I landed in a town in Western Sumatra called Padang a few days after an earthquake hit. 7 or 8 on the Moment Magnitude scale.
Just as in finance there are various ways of measuring quakes. The Richter scale measures ground motion whereas the more modern Moment Magnitude scale measures energy released.
In any case my favourite measure of earthquake size is the number of deaths.
For example a 7 magnitude quake may mean 1 death in Canterbury, New Zealand (heart attack, not necessarily directly related) but >1,000 in West Sumatra and 1,200 seriously injured.
When I landed, I met up with my local pal from a nearby town and we set about finding a hotel.
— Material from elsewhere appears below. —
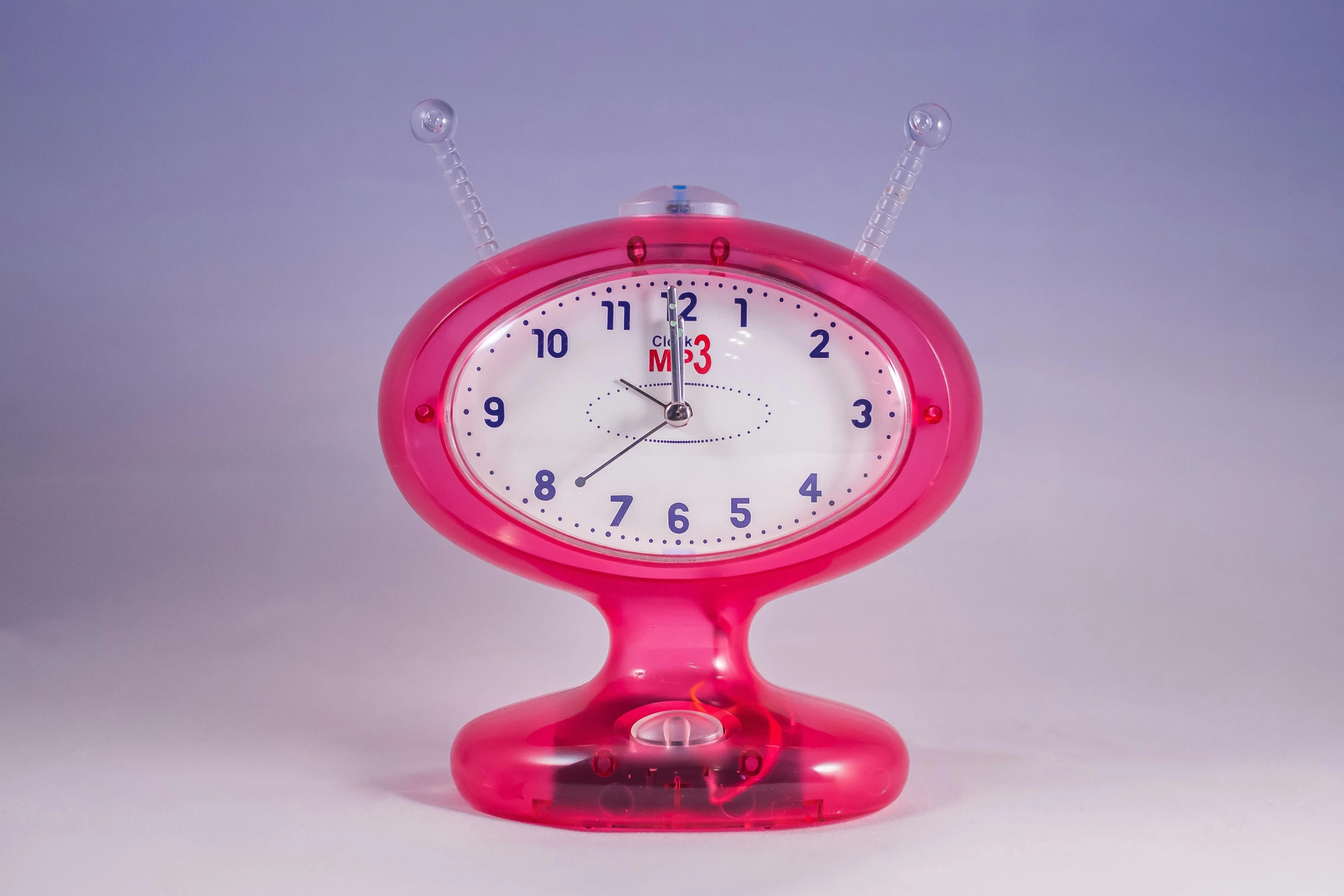 a pink clock sitting on top of a table, kitsch movement, martian, mtv, made out of clear plastic, early 2 0 0 0 s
The rather morbid joke we had going at the time was that if a hotel didn't answer it the phone had succumbed to the quake and we rang up the next one.
I admit - the blackest of humour.
The largest hotel in town which I originally planned to stay in was a pile of rubble along with many other large buildings with questionable planning permission.
Part of the problem we have in finance is that financial engineering doesn't kill anybody. We have the questionable planning permission without the rubble.
Perhaps then we would take far more care in building financial edifices.
Imagine if momentum strategy funds could kill investors?
Actually cause a fatality or three! Perhaps there would be fewer momentum funds leaching their client's fees (oh! and fewer momentum evangelists beating me up!).
In any case, as part of my series of strategy iconoclasm I decided to take a look at equal weighting.
For example the Guggenheim RSP fund resets each constituent of the S&P 500 to a 1/500th weight every quarter or so.
Previously I have likened equally weighted portfolios to the ultimate random allocation benchmark but of course their bigger claim to fame is consistently beating the market.
For example RSP returns 9% per annum versus 7% SPY returns since 2003. The Sharpe is also an OK improvement, 0.44 versus 0.35.
Just OK - i.e. there are many other simpler more cost effective ideas out there.
Nevertheless, here is a rarely mentioned downside to Equal Weighting.
The skew of the S&P 500's daily returns is -0.1. Equal weight those 500 bad boys and skew drops to a whopping -0.26!
I.e. expect large drops and small gains on average, your upside is more constrained than your downside. Far more so than even the S&P 500.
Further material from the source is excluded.